Day off today. Had a nice meditation session and hang out session with a friend. Good to catch up with him and chat. We're both on similar trajectories so it's nice to hang with someone like that. Also had a really nice morning spiritual session. Got some errands done and did some service. Only negative thing really was lustful thinking. I went to the beach and saw some pretty girls and lost focus and clarity. There is definitely something I can notice when I'm really focused and have a really clear mind adn then the whole tone of my mental space shifts once I have some lustful thinking like that. And it's not like I think being attracted to women or having sex with women is wrong.

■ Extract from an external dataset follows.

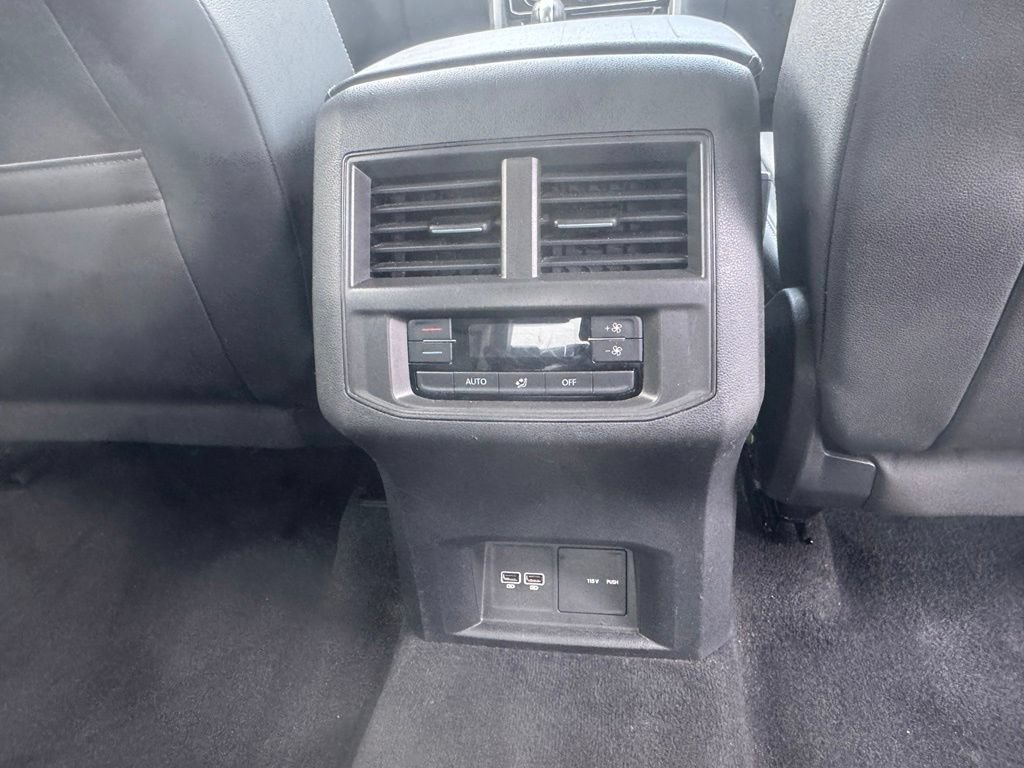 Used 2021 Volkswagen Atlas SEL AWD/4WD image 26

Just that if I'm in a phase of really having high disicpline in this area even a small thing like this shfits the mental direction and space I'm in. So that was noticeable.

Daily spiritual practice* A couple of nice sessions. This continues to be the foundation

Attitude of service* Good here. Good outward energy, generally helpful.

Mental and emotional states* Mostly good. Definitely positive and in a good spot. Really the only negative was the lustful thinking that threw me off.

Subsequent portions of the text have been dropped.